A faithful copy is needed of the lines below from the one with "Align Left will" up to and including the one with "You can commit"; set it down with no pictures and no other lines.

ENTRIES PROVIDED ▸
====

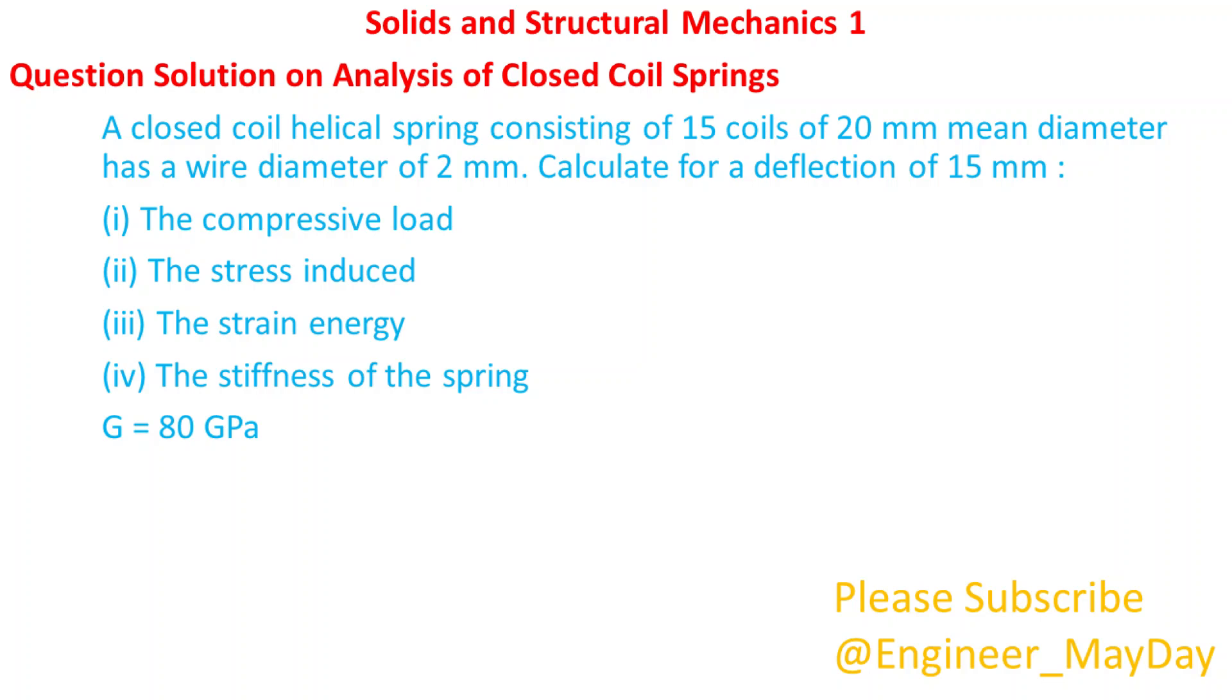Hello there. Welcome to my YouTube channel. Today I will take you through analysis of closed coil springs in solids and structural mechanics 1.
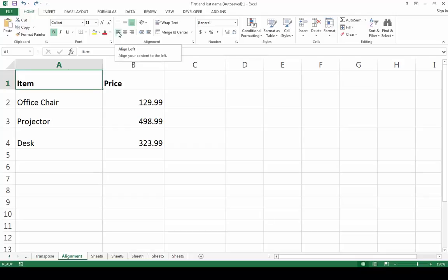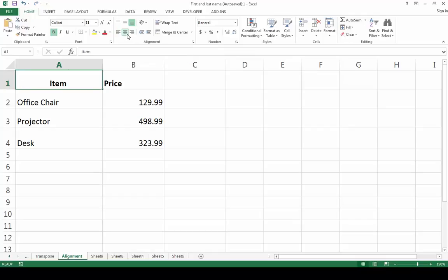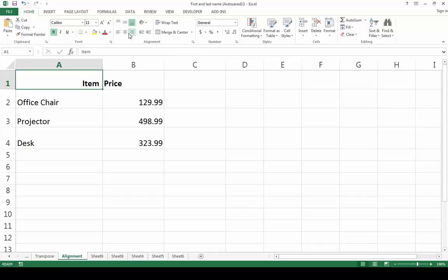Align Left will align your content to the left. Align Center will center your content. This might be a good decision in this case since this is a column heading. Finally, there is Align Right, which will align your content to the right. I like the way that Align Center looked, so I'll go back to that setting.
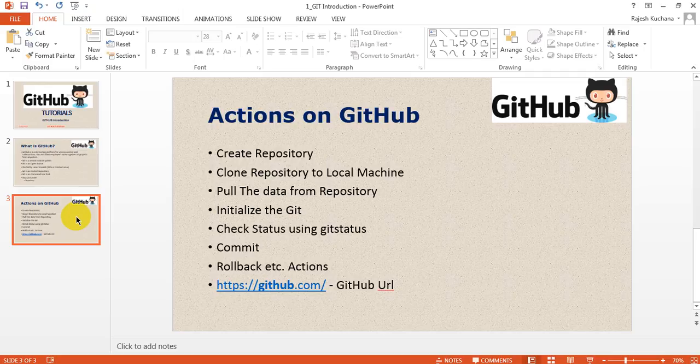You can commit the changes with providing comments, and you can roll back the status. What changes you have done, you can roll back, and you can download it from the Git URL.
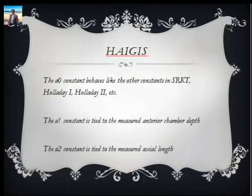Where the Haigis as a fourth-generation formula plays over the SRK-T formula is that it does not have just one constant — it has three constants: the a0 constant, the a1 constant, and the a2 constant. The a0 constant works like the A-constant of the SRK-T formula, tied to the manufacturer's supplied A-constant. The a1 constant is tied to the patient-specific anterior chamber depth, and the a2 constant is tied to the patient's specific axial length. So you have three constants, making the power prediction curve not linear but dynamic.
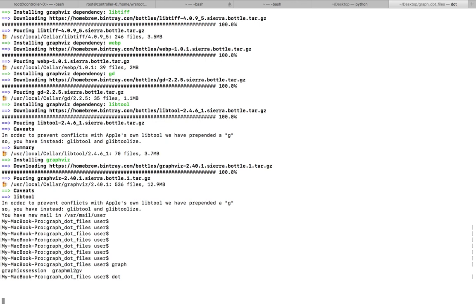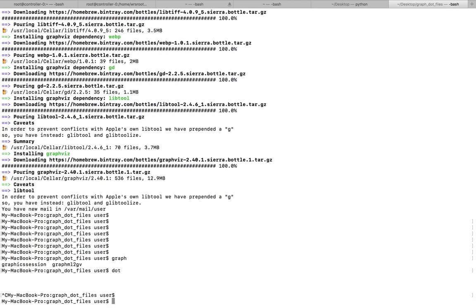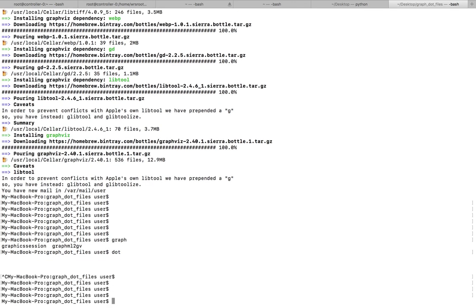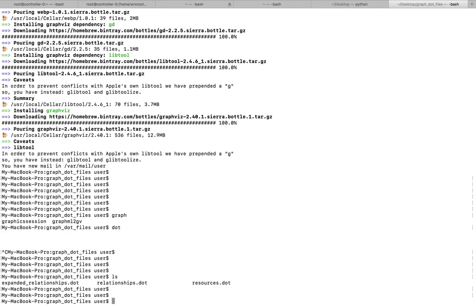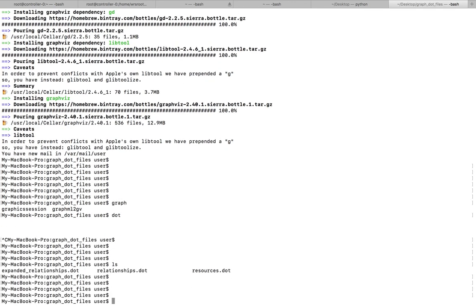Now let me show how to convert a dot file to a PNG or PDF file. You can see dot files here, these are the graph files. I will show you how to convert this dot file to a PNG file using Graphviz.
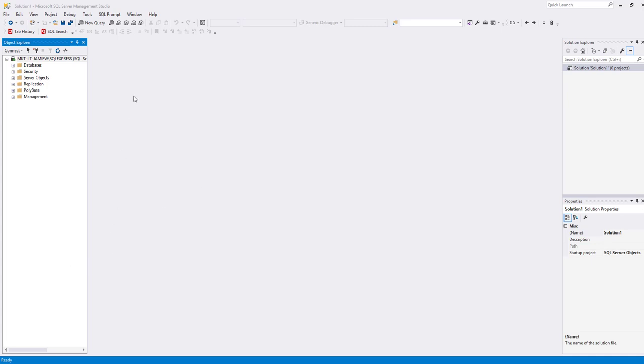By default, SQL Prompt shows you the auto-completion box while you type. In fact, whenever it thinks it can make a useful suggestion it will pop up.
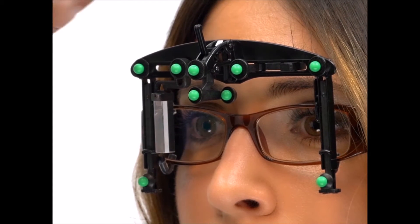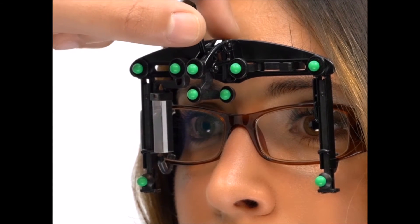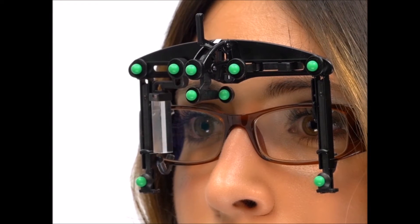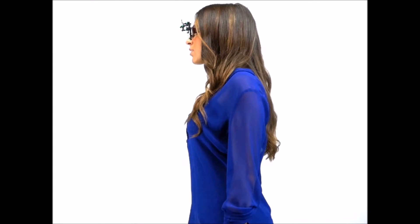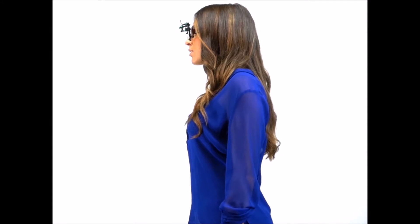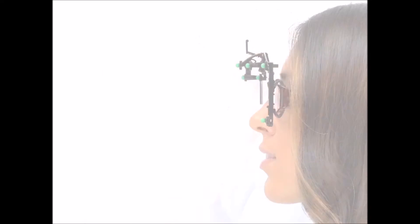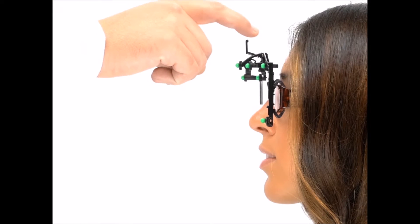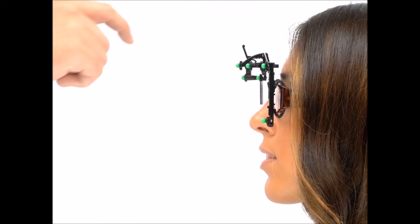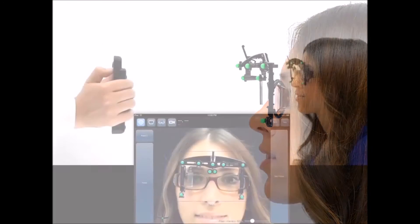First, unlock the swing assembly by lifting the brake arm. Next, make sure that the patient assumes their natural posture. You can either capture the patient's standing posture or their sitting posture based on the patient's lifestyle. When ready, apply a slight pressure on the brake arm to lock the swing assembly.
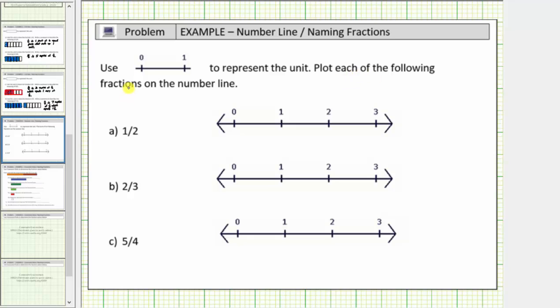We're asked to plot each of the following fractions on the number line, and we're told to use the length from zero to one to represent the unit.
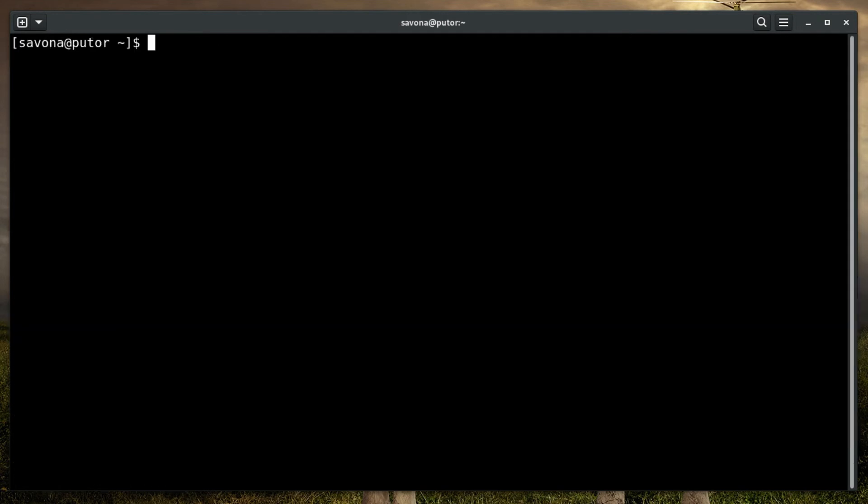Here is an example of formatting the journal entries into a classic syslog style log file and exporting it to the NetworkManager.log file.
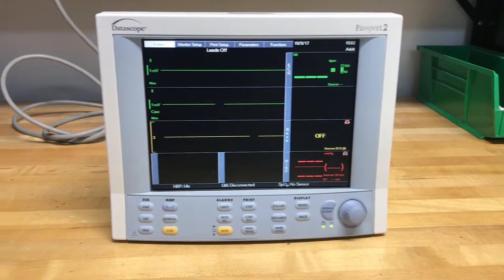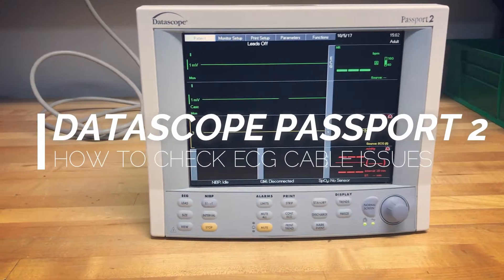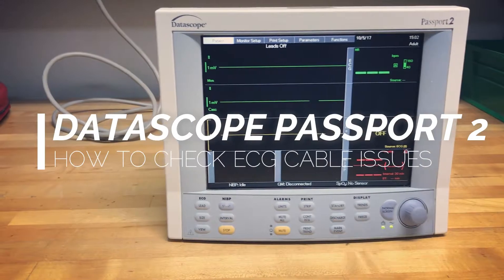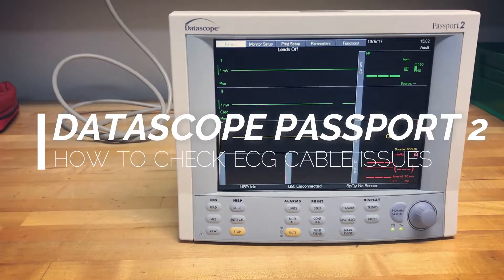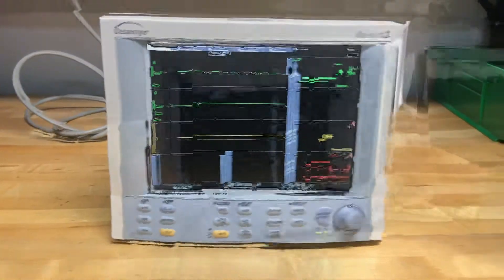Hello, my name is Stark and I'm an OXO Medical Technician. Today we're going to go through a couple of things to check when your ECG isn't reading correctly.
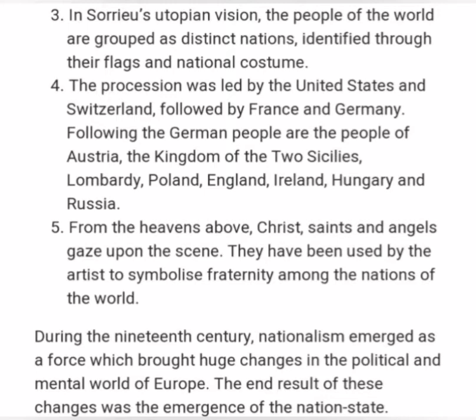Fifth, from the heavens above, Christ, saints, and angels gaze upon the scene. They have been used by the artist to symbolize fraternity among the nations of the world. During the 19th century, nationalism emerged as a force which brought huge changes in the political and mental world. The end result of these changes was the emergence of the nation state.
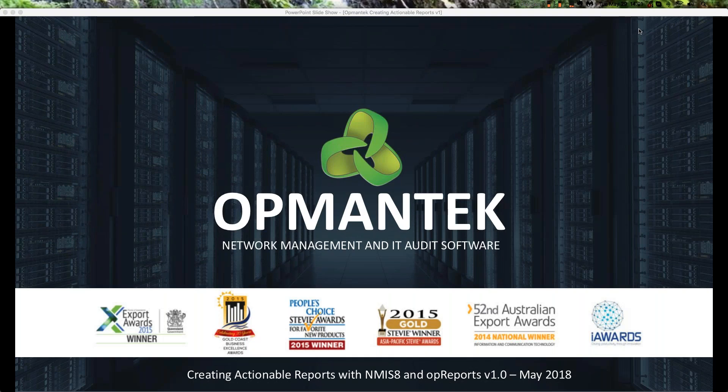Hello and welcome, everyone. My name is Mark Henry. I'm a senior engineer with Opmanix North American office located in Charlotte, North Carolina. Today, we're going to be talking about how to create actionable reports with NMIS-8 and OP reports.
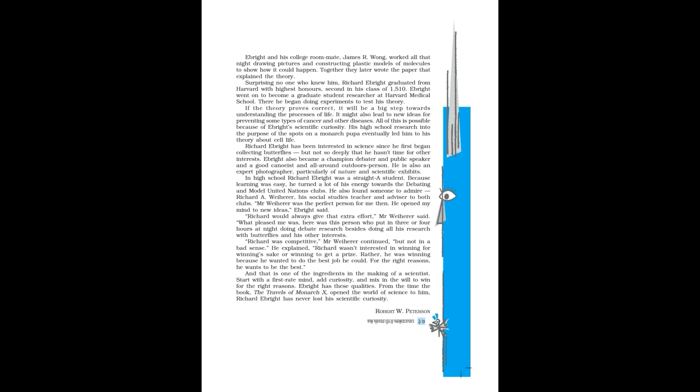Richard Ebright has been interested in science since he first began collecting butterflies, but not so deeply that he hasn't time for other interests. Ebright also became a champion debater and public speaker, and a good canoeist and all-around outdoors person. He is also an expert photographer, particularly of nature and scientific exhibits.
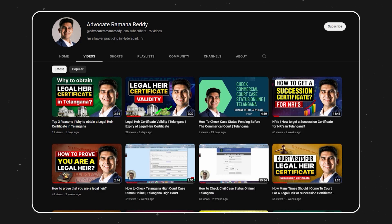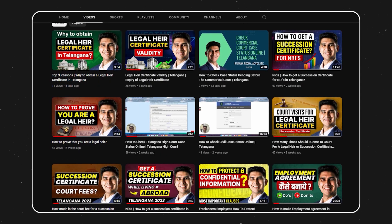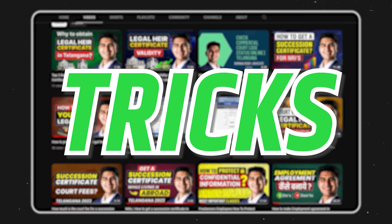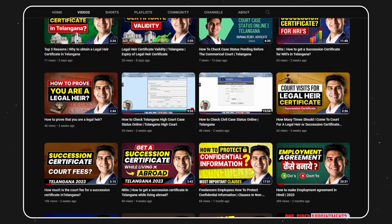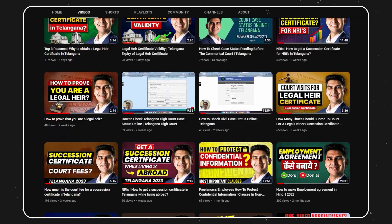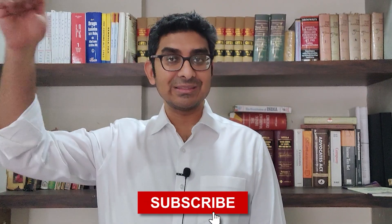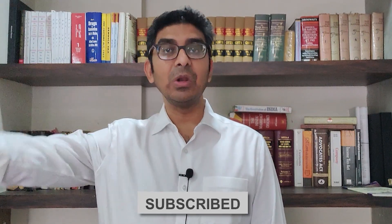Hi everyone, my name is Ramana Reddy and I'm a practicing lawyer in the High Court of Telangana. On this channel, I help you by simplifying complex legal concepts. For tips, tricks and general legal information, make sure you hit the subscribe button below.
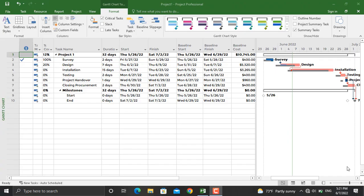In today's video, we will discuss burn down charts in Microsoft Project and how to create task and work burn down charts before preparing a burn down chart report.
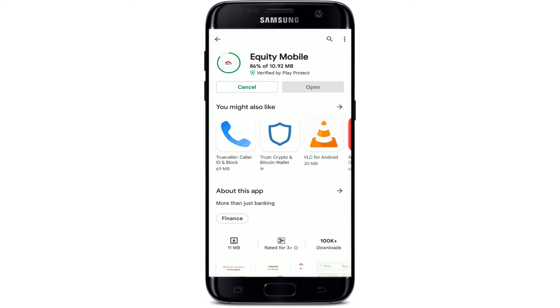Equity Mobile has revolutionized digital banking — it gives you full control of your financial and lifestyle needs. View your balances, pay your bills, buy airtime, send money, and so much more. Wait until the app gets installed as well.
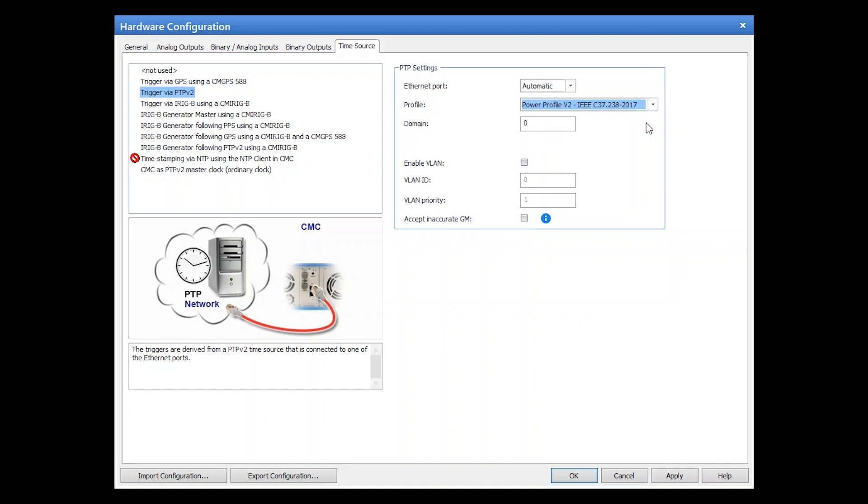Another new feature is the acceptance of inaccurate grandmaster clocks. That means if you select this checkbox, an accuracy of up to unknown is accepted and the inaccurate clock can be used for time reference in the test setup.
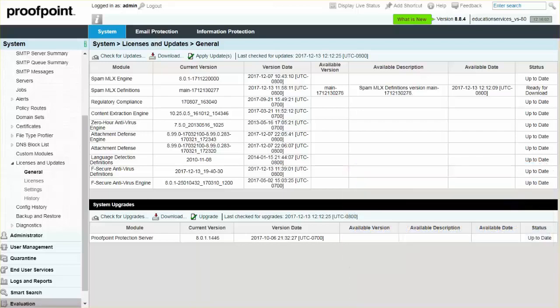Although the system automatically installs updates, you can manually check at any time to verify the most recent updates are installed.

====

ANSWER BELOW ▸
Align Left will align your content to the left. Align Center will center your content. This might be a good decision in this case since this is a column heading. Finally, there is Align Right, which will align your content to the right. I like the way that Align Center looked, so I'll go back to that setting.
You can commit the changes with providing comments, and you can roll back the status. What changes you have done, you can roll back, and you can download it from the Git URL.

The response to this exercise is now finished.